For Valparaiso High School senior Devin Bafia, home is on the pitcher’s mound. After winning sectionals three times, being named 1st Team All Area by multiple news sources, and making Team Indiana, Bafia has a bright future ahead of him.
The star baseball player recently received an athletic scholarship to attend the University of Evansville, and he hopes to eventually play in the big leagues. For Bafia, baseball is both the motivation and the goal.
Bafia is quick to note, however, that success doesn’t come without hard work. One of the baseball team’s slogans supports Bafia’s sentiments: “Nothing is given to you, and hard work pays off.”
Bafia’s been working hard all his life. At only three-years-old, he started playing baseball with his father, Rich Bafia, who was recruited into pros only to suffer a tragic injury.
Rich, eager to give his son an edge, taught him to pitch with his left hand – a huge advantage when it comes to pitching.

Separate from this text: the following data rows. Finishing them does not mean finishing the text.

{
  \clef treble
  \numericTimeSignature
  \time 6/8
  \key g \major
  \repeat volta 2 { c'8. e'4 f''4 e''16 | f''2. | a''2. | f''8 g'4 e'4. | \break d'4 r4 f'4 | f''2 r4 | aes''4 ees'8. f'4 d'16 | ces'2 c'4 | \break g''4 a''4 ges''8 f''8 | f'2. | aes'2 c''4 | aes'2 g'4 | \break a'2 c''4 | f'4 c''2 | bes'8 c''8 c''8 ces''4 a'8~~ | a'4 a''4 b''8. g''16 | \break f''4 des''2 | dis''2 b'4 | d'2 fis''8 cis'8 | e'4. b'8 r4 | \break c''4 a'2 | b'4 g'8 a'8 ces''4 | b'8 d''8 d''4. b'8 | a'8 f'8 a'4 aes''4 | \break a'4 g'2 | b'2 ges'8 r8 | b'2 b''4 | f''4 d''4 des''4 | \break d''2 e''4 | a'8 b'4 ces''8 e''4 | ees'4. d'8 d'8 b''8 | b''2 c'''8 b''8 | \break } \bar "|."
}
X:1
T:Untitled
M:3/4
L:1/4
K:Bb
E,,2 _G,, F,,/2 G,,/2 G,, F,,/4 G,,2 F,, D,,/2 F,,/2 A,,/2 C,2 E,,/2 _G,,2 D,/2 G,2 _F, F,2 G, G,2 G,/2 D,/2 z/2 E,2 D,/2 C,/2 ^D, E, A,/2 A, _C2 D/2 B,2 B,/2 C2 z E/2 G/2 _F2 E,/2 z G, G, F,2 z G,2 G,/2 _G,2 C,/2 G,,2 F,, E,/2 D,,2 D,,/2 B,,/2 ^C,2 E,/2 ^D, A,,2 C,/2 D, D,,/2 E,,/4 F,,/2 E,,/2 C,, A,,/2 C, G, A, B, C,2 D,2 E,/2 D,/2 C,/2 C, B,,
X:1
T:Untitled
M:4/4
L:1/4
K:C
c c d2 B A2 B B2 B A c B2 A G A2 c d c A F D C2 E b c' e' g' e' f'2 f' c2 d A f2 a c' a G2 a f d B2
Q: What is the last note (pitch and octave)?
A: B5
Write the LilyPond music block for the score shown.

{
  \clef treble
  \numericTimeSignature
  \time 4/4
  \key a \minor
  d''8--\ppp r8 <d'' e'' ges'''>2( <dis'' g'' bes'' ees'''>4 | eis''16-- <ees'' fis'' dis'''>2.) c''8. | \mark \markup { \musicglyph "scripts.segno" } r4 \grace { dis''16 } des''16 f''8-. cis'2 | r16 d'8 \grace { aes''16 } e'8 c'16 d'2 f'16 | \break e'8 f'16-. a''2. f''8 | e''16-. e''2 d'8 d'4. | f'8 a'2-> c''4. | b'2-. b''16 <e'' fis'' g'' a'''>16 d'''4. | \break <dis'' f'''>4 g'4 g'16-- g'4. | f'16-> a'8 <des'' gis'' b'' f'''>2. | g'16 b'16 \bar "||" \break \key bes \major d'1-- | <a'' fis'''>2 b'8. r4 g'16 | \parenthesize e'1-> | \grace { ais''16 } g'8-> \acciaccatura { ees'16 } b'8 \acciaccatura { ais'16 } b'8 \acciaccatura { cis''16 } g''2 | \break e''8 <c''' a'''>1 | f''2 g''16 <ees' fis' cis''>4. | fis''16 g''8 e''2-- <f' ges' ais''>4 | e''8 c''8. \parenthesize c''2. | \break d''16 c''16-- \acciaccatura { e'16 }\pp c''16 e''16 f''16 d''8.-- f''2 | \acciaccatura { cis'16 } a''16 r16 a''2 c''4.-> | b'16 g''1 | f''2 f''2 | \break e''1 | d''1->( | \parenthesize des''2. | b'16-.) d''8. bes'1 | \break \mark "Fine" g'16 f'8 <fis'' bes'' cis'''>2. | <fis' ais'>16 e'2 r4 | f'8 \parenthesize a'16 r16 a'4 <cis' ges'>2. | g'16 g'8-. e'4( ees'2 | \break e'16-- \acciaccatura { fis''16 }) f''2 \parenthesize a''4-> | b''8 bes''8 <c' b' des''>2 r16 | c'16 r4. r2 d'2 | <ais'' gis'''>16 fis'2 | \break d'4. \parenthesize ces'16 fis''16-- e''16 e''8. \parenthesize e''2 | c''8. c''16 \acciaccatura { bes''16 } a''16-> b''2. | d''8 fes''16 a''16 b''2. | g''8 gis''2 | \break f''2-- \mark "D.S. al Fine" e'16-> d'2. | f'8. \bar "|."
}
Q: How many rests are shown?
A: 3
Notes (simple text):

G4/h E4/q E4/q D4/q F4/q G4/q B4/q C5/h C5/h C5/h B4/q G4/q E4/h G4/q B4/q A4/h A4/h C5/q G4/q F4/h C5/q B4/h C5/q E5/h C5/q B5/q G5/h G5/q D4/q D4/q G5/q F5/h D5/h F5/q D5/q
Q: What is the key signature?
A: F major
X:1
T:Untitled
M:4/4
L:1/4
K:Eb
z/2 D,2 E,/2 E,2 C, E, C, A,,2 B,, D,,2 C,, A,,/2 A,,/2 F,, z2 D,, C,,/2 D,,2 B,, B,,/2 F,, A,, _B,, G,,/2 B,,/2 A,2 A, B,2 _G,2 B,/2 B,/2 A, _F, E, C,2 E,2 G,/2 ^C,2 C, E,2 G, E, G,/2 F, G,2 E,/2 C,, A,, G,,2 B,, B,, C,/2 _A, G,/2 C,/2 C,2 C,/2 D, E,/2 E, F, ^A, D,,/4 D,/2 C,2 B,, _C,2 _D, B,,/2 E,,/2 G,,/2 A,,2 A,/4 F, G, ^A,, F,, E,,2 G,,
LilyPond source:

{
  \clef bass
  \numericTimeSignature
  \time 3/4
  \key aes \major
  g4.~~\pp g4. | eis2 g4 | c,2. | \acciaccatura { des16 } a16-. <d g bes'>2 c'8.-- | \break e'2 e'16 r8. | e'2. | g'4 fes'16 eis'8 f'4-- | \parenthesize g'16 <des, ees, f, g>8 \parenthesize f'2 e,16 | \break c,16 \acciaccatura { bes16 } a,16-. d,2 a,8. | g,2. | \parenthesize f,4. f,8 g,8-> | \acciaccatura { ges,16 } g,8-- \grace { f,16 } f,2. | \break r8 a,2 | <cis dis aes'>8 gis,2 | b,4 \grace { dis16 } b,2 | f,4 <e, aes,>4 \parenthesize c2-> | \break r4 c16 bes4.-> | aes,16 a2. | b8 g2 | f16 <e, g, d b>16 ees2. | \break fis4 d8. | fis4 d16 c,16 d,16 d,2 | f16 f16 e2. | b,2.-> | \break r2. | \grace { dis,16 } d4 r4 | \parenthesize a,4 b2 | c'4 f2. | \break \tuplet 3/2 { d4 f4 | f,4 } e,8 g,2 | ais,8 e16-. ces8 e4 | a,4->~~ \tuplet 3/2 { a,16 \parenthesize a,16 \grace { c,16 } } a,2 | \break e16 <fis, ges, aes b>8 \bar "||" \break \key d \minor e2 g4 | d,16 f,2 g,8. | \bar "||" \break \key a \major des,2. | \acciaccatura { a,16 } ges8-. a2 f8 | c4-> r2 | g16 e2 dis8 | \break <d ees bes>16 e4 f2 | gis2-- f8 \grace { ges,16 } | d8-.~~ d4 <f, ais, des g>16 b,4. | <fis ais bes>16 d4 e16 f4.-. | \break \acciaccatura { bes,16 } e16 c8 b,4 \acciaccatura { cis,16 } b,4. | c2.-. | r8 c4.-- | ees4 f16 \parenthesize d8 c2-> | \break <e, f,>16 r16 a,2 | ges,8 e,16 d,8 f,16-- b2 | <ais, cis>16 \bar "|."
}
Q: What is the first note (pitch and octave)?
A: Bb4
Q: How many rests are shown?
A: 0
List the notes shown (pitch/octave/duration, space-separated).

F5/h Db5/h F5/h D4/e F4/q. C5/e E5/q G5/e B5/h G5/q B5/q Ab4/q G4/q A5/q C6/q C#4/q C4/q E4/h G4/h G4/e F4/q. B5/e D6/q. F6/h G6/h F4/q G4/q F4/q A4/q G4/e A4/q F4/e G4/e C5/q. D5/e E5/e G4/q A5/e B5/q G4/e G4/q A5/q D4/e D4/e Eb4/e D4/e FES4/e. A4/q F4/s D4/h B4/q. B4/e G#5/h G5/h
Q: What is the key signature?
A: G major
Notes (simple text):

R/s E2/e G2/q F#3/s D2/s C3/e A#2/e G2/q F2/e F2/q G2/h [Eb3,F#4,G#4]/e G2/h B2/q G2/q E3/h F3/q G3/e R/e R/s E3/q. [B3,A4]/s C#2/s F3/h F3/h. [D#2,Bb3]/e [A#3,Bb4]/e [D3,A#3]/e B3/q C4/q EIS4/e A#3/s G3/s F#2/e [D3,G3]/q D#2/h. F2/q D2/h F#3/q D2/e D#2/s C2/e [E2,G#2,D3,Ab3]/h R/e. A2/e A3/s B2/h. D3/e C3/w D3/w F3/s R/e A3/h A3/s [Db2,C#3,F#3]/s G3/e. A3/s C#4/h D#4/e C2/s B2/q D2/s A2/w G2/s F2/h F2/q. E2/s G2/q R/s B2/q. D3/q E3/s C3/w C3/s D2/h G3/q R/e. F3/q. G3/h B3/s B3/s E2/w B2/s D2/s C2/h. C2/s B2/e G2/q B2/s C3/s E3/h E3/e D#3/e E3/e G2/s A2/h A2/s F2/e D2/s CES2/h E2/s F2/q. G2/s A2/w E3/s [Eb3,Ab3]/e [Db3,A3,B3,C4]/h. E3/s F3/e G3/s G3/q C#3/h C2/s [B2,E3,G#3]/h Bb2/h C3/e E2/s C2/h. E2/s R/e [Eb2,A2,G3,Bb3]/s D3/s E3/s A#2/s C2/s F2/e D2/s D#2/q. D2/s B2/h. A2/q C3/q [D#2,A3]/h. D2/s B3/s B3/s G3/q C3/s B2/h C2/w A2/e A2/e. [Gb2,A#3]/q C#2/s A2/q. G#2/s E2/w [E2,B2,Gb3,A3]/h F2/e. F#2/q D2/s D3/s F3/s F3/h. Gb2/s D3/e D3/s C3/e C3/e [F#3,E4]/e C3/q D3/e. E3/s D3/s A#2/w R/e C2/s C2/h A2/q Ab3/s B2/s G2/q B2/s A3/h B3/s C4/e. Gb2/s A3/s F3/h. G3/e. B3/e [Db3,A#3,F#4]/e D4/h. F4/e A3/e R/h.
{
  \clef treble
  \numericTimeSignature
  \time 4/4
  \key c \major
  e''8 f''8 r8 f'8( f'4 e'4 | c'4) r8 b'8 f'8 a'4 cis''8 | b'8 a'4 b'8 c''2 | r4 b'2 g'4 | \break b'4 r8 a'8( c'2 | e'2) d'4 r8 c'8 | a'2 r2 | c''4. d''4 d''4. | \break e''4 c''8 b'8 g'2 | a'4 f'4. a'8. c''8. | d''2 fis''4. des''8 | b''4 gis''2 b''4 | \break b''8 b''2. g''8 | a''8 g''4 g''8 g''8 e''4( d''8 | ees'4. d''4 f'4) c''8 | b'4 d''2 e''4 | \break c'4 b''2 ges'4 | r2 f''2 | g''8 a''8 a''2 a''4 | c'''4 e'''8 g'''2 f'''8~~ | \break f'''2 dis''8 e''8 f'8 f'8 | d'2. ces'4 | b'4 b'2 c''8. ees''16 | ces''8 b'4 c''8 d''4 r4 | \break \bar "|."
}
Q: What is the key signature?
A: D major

As he grew up, Bafia played on a combination of school and traveling teams. His father coaches Triple Crown Elite, Bafia’s team during the summer and fall. During the rest of the year, his dad pitches live so that Bafia can practice batting in a more realistic setting. Bafia is grateful for all of his dad’s encouragement and expertise.
Bafia’s biggest piece of advice for younger baseball players is to practice more live hitting.
“Nothing can get you better than actually seeing the ball out of the hand,” Bafia said.
During the school year, Bafia plays on the school team at VHS, coached by Dave Coyle.
As the coach is apparently fond of saying, “All it takes is all you’ve got.”
Coyle coaches baseball similarly to how he coaches the high school football team: players work until they achieve their goals.
“Coach Coyle always has us run the same practice,” Bafia said. “It’s on a time schedule and we always do the same things in the same order everyday.”
This endless repetition helps athletes know what to expect and solidifies each day’s training.
“It’s a mindset for improvement,” Bafia said. “It’s good to be on a schedule.”
Even when baseball is exhausting and demanding, Bafia keeps up his hard work and dedicates himself to the game.
“Baseball is just fun,” said Bafia. “And I love it.”
Bafia is a winner inside and out, that’s why he’s a Valpo Life That Matters.